Is it possible for someone to read their mind by studying the electrical signals coming from their brain? This may be more complex than most people believe.

Researchers at Purdue University, who work at the intersection between artificial intelligence and neuroscience, claim that a well-known dataset used to answer this question was confounded. This means that many eye-popping results based on this dataset and which received high-profile recognition were false.

Over more than a year, the Purdue team conducted extensive testing on the dataset. These tests examined brain activity in individuals who participated in a study exploring a series of images. Each participant wore a cap containing dozens of electrodes as they viewed the photos.

The work of the Purdue team is published in IEEE Transactions on Pattern Analysis & Machine Intelligence. The National Science Foundation provided funding for the Purdue team.

“This measurement technique, known as electroencephalography or EEG, can provide information about brain activity that could, in principle, be used to read minds,” said Jeffrey Mark Siskind, professor of electrical and computer engineering at Purdue’s College of Engineering. The problem is that EEG was used in a way that contaminated the data. Researchers did not randomize the order of images in the study. This allowed them to determine which image was being seen by reading EEG timing and ordering information. They could not solve the fundamental problem of visual perception from brain waves.

When they couldn’t get similar results from their tests, the Purdue researchers began to question the dataset. They began to analyze the data and discovered that the dataset was not randomized.

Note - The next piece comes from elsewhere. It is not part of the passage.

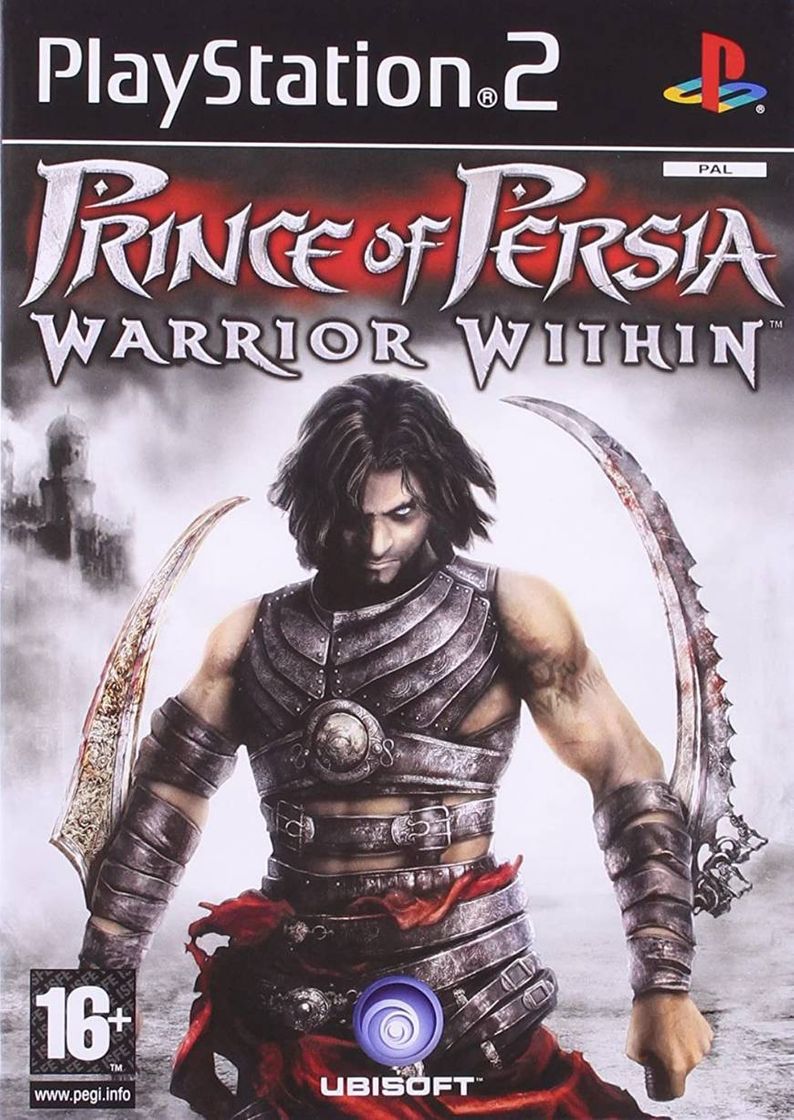 Videogames Prince of Persia: Warrior Within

Hari Bharadwaj is an assistant professor with a joint appointment at Purdue’s College of Engineering and Health and Human Sciences. “This is one of our challenges when working in cross-disciplinary areas research areas,” she said. Cross-disciplinary research is often required for critical scientific questions. Sometimes, researchers trained in one discipline must learn the common pitfalls when applying their ideas to another. This case shows that the previous work was affected by a disconnect between AI/machine learning scientists and neuroscientists.

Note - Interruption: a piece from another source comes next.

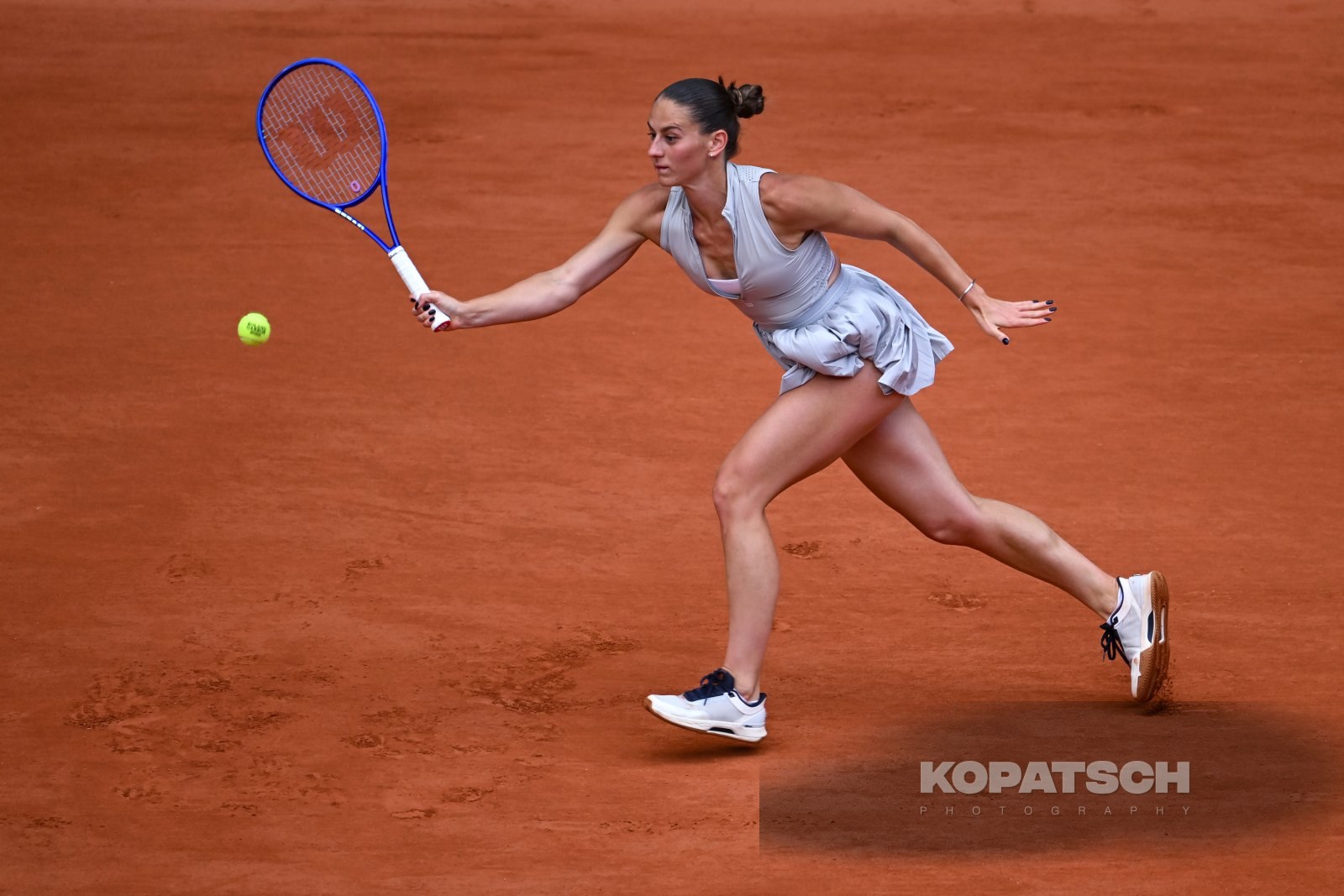 Marta Kostyuk of Ukraine — 2026 Roland Garros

The Purdue team reviewed publications that used the dataset for tasks such as object classification, transfer learning, and generation of images depicting human perception and thought using brain-derived representations measured through electroencephalograms (EEGs)

Ronnie Wilbur, a professor who holds a joint appointment in Purdue’s College of Health and Human Sciences and College of Liberal Arts, said that “the question of whether someone could read another person’s minds through electric brain activity was very valid.” “Our research has shown that a better approach to reading minds is required.”